Representation of a nonspherical ice particle by a collection of independent spheres for scattering and absorption of radiation: 3. Hollow columns and plates

Abstract

The ability of an assembly of spheres to represent scattering and absorption by a nonspherical ice crystal of the same volume‐to‐area (V/A) ratio was previously evaluated for convex shapes (circular cylinders and hexagonal prisms). Here we extend the comparison to indented and hollow prisms, which are common in ice clouds. In the equivalent‐sphere representation, the crystal mass and surface area are both conserved. Internal surfaces as well as external surfaces contribute to the total surface area; in the model representation both become external surfaces of spheres.

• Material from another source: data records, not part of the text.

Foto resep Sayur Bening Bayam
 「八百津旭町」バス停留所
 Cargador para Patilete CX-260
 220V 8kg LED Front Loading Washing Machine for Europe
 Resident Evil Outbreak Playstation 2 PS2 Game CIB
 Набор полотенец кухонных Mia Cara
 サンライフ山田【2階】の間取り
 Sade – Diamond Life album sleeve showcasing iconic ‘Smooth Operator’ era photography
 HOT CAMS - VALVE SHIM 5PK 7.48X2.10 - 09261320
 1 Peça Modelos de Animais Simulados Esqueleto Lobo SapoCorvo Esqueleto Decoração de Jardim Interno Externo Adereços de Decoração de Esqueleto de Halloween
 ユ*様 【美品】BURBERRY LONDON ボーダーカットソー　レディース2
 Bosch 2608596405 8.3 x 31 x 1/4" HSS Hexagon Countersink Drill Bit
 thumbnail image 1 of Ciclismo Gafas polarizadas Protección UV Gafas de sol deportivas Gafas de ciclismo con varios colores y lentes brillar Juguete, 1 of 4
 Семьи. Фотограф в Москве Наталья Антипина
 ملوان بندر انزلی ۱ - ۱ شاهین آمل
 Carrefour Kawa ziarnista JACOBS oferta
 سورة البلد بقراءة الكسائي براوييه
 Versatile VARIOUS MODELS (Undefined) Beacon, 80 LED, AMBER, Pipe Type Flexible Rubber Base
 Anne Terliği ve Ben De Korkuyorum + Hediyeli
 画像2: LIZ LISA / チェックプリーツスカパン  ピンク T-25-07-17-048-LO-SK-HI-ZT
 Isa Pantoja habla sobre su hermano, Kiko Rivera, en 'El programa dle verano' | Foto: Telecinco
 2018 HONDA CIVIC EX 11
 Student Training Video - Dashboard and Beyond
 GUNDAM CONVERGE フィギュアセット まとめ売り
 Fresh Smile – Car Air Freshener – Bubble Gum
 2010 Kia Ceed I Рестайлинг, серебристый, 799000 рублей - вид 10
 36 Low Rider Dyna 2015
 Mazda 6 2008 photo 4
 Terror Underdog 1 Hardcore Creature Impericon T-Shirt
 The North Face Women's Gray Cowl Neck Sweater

The optical depth τ of the model cloud is thus greater than that of the real cloud by the ratio A/4P, where A is the total area of the nonspherical particle and P is the orientation‐averaged projected area. This ratio, which we call “fluffiness,” is unity for convex shapes but may exceed 2 for clusters of hollow bullets. In effect, the scattering at interior surfaces of a hollow crystal becomes classified as multiple scattering in the model of ice spheres. Therefore, rather than directly comparing the asymmetry factor (g) and single‐scattering albedo (ωo) of the hollow crystal to those of the equal‐V/A sphere, it is more appropriate to compare the product τ(1 − g)ωo, because this quantity largely determines the bulk radiative properties of the cloud. Errors in albedo, absorptance, and transmittance of ice clouds, caused by the equal‐V/A representation, are presented for a range of aspect ratios, indentation depths, and ice‐water paths at visible and near‐infrared wavelengths.